§ PROBLEM DETAILS: Retype every record exactly. Leave the pictures out.

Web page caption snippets
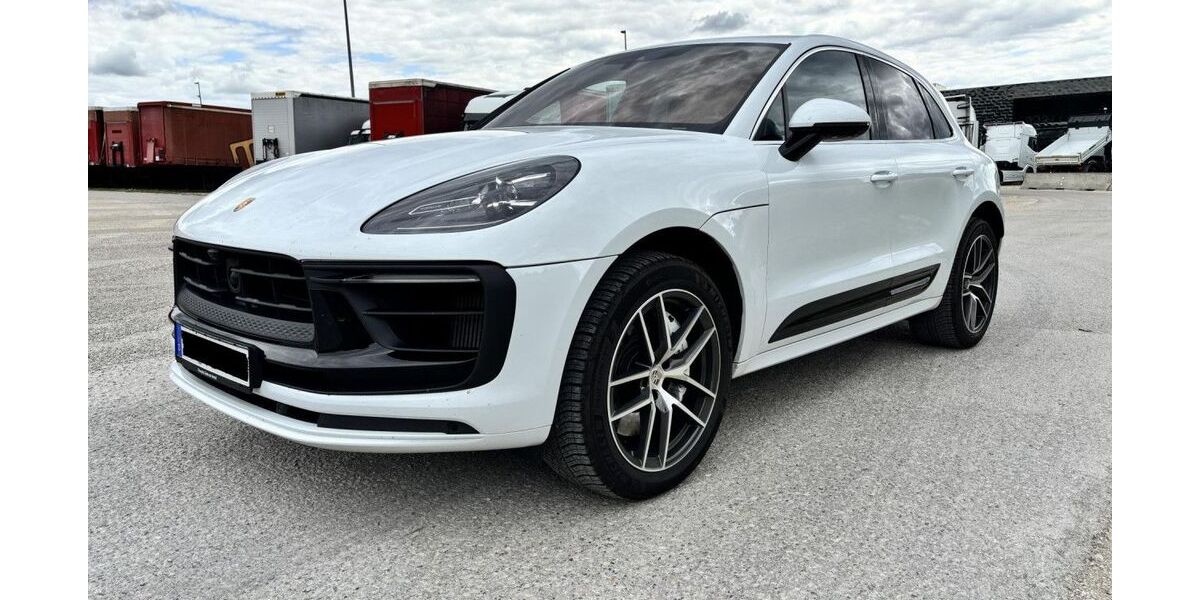 Porsche Macan 122.477 km 65.450 &euro; Altdorf 90518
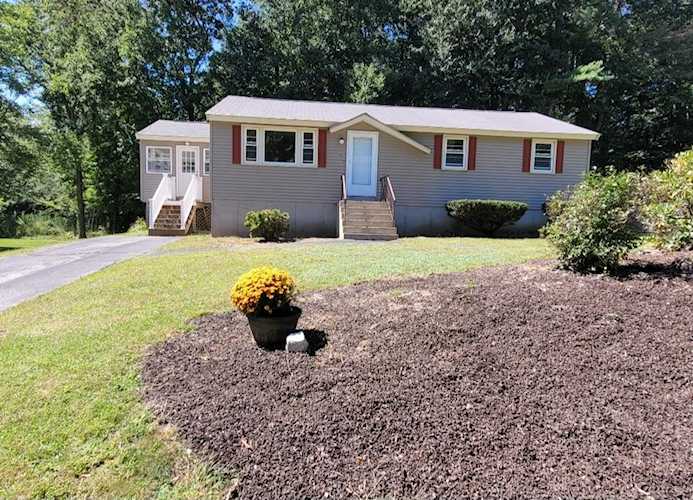 8 Peter Rd Merrimack, NH 03054 | MLS 4968673 Photo 1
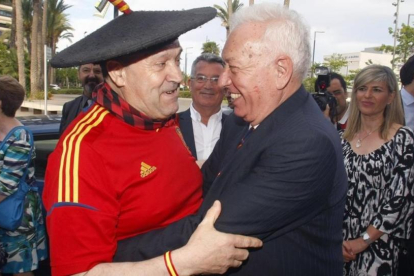 'Manolo el del bombo' se abraza al ministro Margallo, el pasado lunes en Alicante.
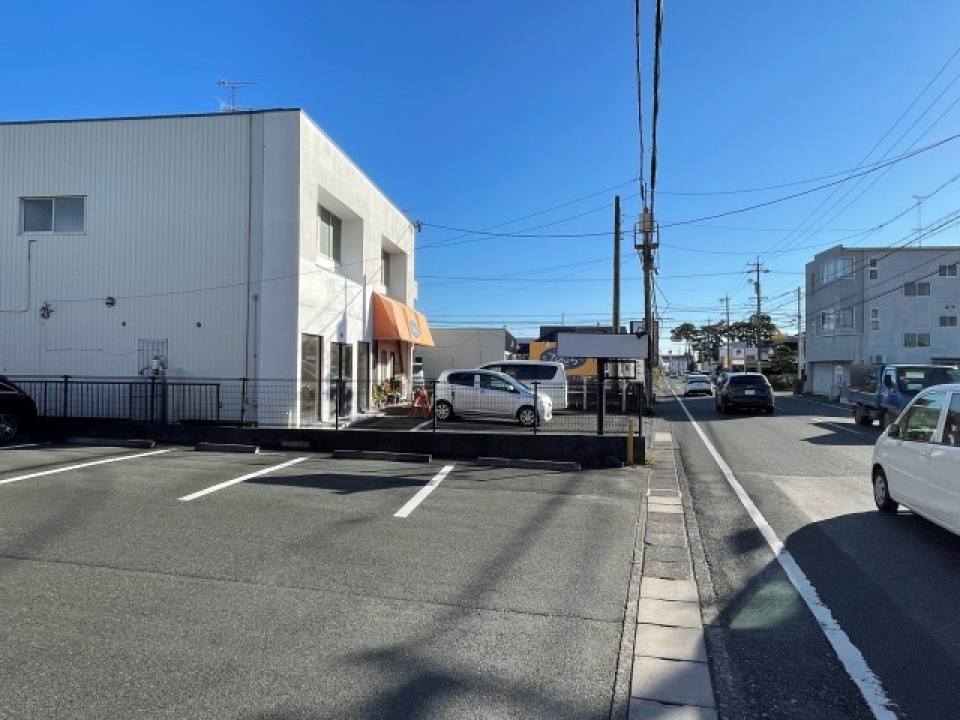 北側からもお店が良く見えます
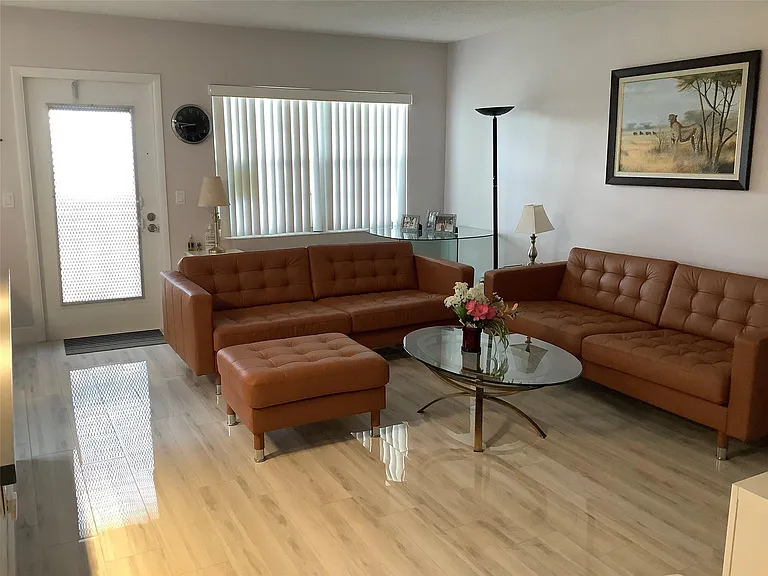 364 Dorset Dr #364-I — Photo 7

§ SOLUTION:
 Porsche Macan 122.477 km 65.450 &euro; Altdorf 90518
 8 Peter Rd Merrimack, NH 03054 | MLS 4968673 Photo 1
 'Manolo el del bombo' se abraza al ministro Margallo, el pasado lunes en Alicante.
 北側からもお店が良く見えます
 364 Dorset Dr #364-I — Photo 7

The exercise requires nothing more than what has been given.